Mako Mining Corp. heads into its May 20 Q2 results report with short sellers notably absent and the lending market flush with supply.
Short interest is exceptionally low. At just 0.16% of the free float, there is virtually no meaningful bearish positioning to speak of, and that figure has been cut nearly in half over the past month. The borrow market reinforces the same message: availability is essentially unlimited — the ratio of shares available to borrow relative to shares already borrowed is above 6,000%, far exceeding even the loosest reference points. Borrowing costs have fallen a third over the past week to 1.82%, their lowest reading in the past 30 days. Nothing in the lending market suggests any coordinated short thesis.
The focus going into today's print is therefore entirely about whether the company can sustain a standout Q1. When Mako reported on May 15, it delivered EPS of $0.26 per share — doubling last year's $0.12 — and revenue of $68.6 million against $31.8 million a year earlier, with adjusted EBITDA of $40.1 million. The stock gained 2.9% on the day. That print established a high bar. The Q2 disclosure is a separate event due today, and the question is whether the operating momentum that drove that result has carried into the new quarter, especially with gold prices having been volatile across the peer group in recent weeks.
Peers have pulled back sharply. Close correlated names including WPM, GMIN, and AEM are each down between 5% and 12% on the week, and AG fell nearly 10% in a single session. MKO has held flat over the same period — a relative resilience that reflects both its low short base and its concentrated ownership structure. Wexford Capital LP controls 45.8% of the company, with virtually no change in that position reported as of March 31. That ownership concentration limits available float and caps downside pressure from institutional selling, but it also constrains liquidity-driven upside.

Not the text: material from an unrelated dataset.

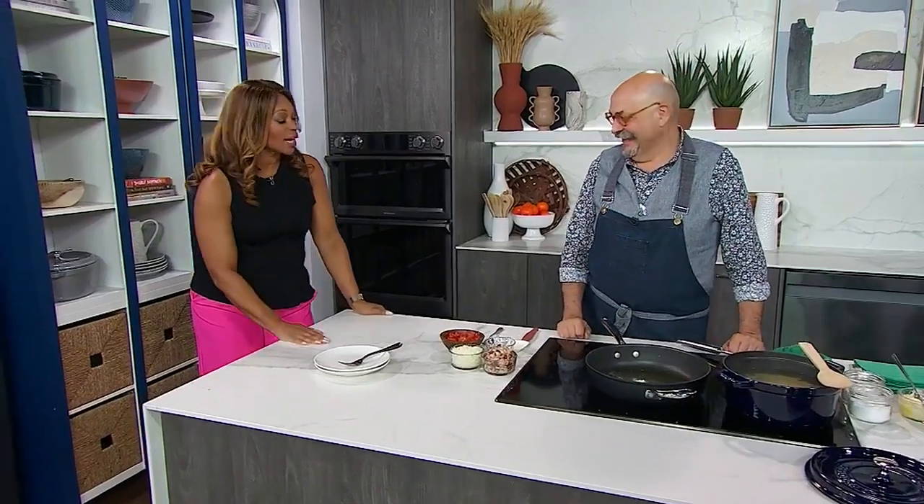Welcome back everyone! I've got a question for you — who here loves pasta? Did you know October is unofficially known as pasta month? I didn't know this, so I'm going to get behind October from now on. Of course, we had to get Chef Massimo to make us some pasta today.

The Q2 print will test whether Mako's operational execution at San Albino — supported by an active reverse circulation and diamond drilling programme announced in early May — can underpin the profitability profile that made Q1 so striking. With no meaningful short positioning and the broader gold sector under pressure, the report is less about positioning and more about whether the fundamental story stands on its own.